It’s here again! The horror stories from dating front lines that I’m hoping you’re enjoying as much as I do! AS usual in the Ex-Files: all names and some facts have been changed to protect identities, but all stories DID happen to me (or a girlfriend I love). Want more Ex-files? Check here, here, here, and here. Love bugs, let’s remember that if you want to be written about warmly, you should behave better–or you can find yourself in the ex-files.
Without further ado: the one who yelled.
Real talk? I’m a yeller, or I can be when I get angry enough. However, because most people don’t really respond well to yelling, I try to keep it to a minimum. As in, I don’t yell if I can help it. It’s been my experience that yelling doesn’t get you want you want. This guy, didn’t feel the same way, however.
I met Mike through friends, and he seemed nice enough. Charming, able to carry a conversation, cute, and he made me laugh. We had a few dates that were great- the conversation, the banter, the wine.
But loves, this is where I let you know that there were some red flags I didn’t pick up on. Why? He was charming and made me laugh, I was just getting to know him, I live in two cities and dating is hard. I’m not sure. I like to think that if I were to go back, I would have saved myself some time (and Mike an appearance on the Ex-Files), but I don’t know that I would have been forceful about them. You might be getting more worried than necessary about now–nothing bad happened, Mom!

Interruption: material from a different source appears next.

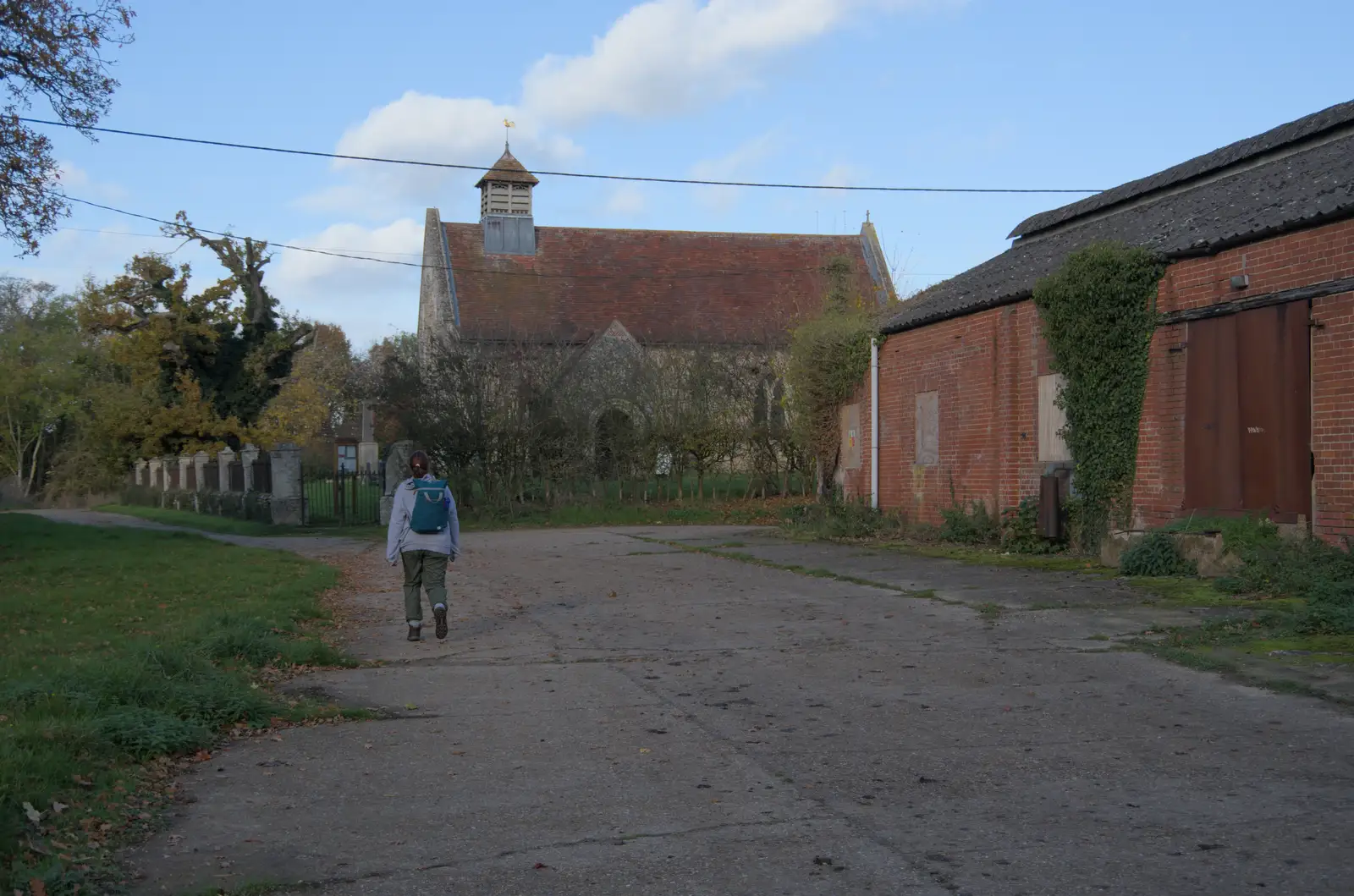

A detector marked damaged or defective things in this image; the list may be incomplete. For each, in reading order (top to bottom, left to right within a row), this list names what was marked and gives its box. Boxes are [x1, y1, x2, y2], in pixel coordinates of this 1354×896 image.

cracked concrete slab [105, 527, 1354, 896]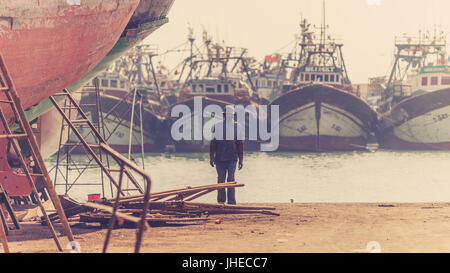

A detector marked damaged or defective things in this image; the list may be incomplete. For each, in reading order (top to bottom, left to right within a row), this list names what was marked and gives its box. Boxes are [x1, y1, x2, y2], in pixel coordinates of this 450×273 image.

rusty red hull [0, 0, 139, 120]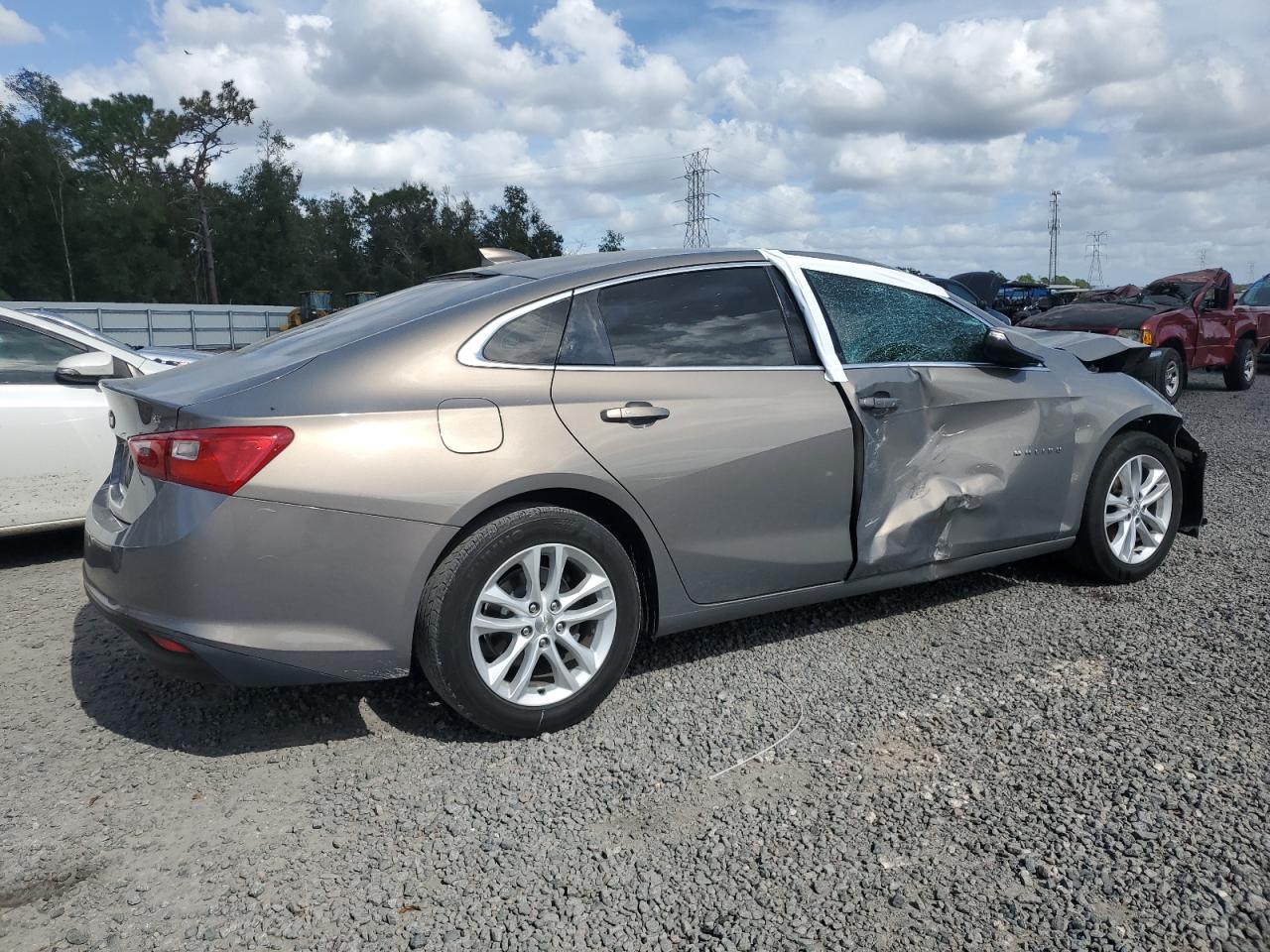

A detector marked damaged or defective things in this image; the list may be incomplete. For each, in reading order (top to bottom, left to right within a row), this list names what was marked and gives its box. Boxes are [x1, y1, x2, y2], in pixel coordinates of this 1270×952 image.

But loves, Mike was angry. Not all the time, and not at me, or waiters, or valets, or anyone around us. Mike was angry at the women in his past, especially his mom and ex-wife. In our “get to know you” chats, how these women had wronged, belittled, underestimated, and hurt him (while Mike persevered and was the victim). It wasn’t constant. It wasn’t violent. But it was there; so much so, that at one point I asked Mike if he was over his ex, and if things were ok. He claimed that it was fine, and promised to stop talking about it so much.
For our third date, Mike took me on what seemed to be an amazing date. It was Christmas time. He let me go shopping for a minute, we watched fake snow, and we settled into one of my favorite restaurants. Mike sat down and proceeded to order us a bottle of wine, 2 appetizers, and a steak for himself. He then proceeded to let me know that I was expensive to take out to eat (*side note: I’m not scared to split checks, and I’m always willing to own what I order. At this time as I had put in only a salad, the comment seemed a bit out of the blue). However, the conversation was great, and it was (fake) snowing, so I joked it off.
The restaurant began to fill up, our waiter was friendly, and the night seemed to be on the right path. Then: The Yelling. While our wine and appetizers were flowing, and our waiter was chatting, a couple at a neighboring table leaned over and asked about one of our plates. At the same time as the waiter, and the music, and Mike took that moment to ask or tell me something. It was loud. I couldn’t hear. So, I asked him to hold on and repeat what he said. Mike yelled, about how I wasn’t allowed to speak to him that way, about how awful I was, about how he was not to be blown off. What was once a noisy room was now silent. I was incredibly emabarrassed.
This is where I wish that I could say that I left. No matter the situation, I know I didn’t deserve to be screamed at and belittled. I was embarrassed, mad, and ready to go. I wanted out, but I also wanted people to stop staring, for it to end, and to do this in private. So I did what women have been doing for years, I tried to make it right. I attempted to calm Mike down, quiet him, make it seem ok for everyone there. And it worked. We made a show of going on, and it was ok. We left and I went home, upset at both him and how I had handled it. (Side note: I think this is the only time I ever have been screamed at like that in public). Mike and I made a plan to meet for coffee a few days later. He stood me up. But loves, I may have dodged a bullet.
Another side note: if someone is ever threatening or violent to you, leave. Peace isn’t worth it.
Hope that your week involves no bad and yelling dates, but if they do-tell me all about it! We’ll put them on the Ex-files!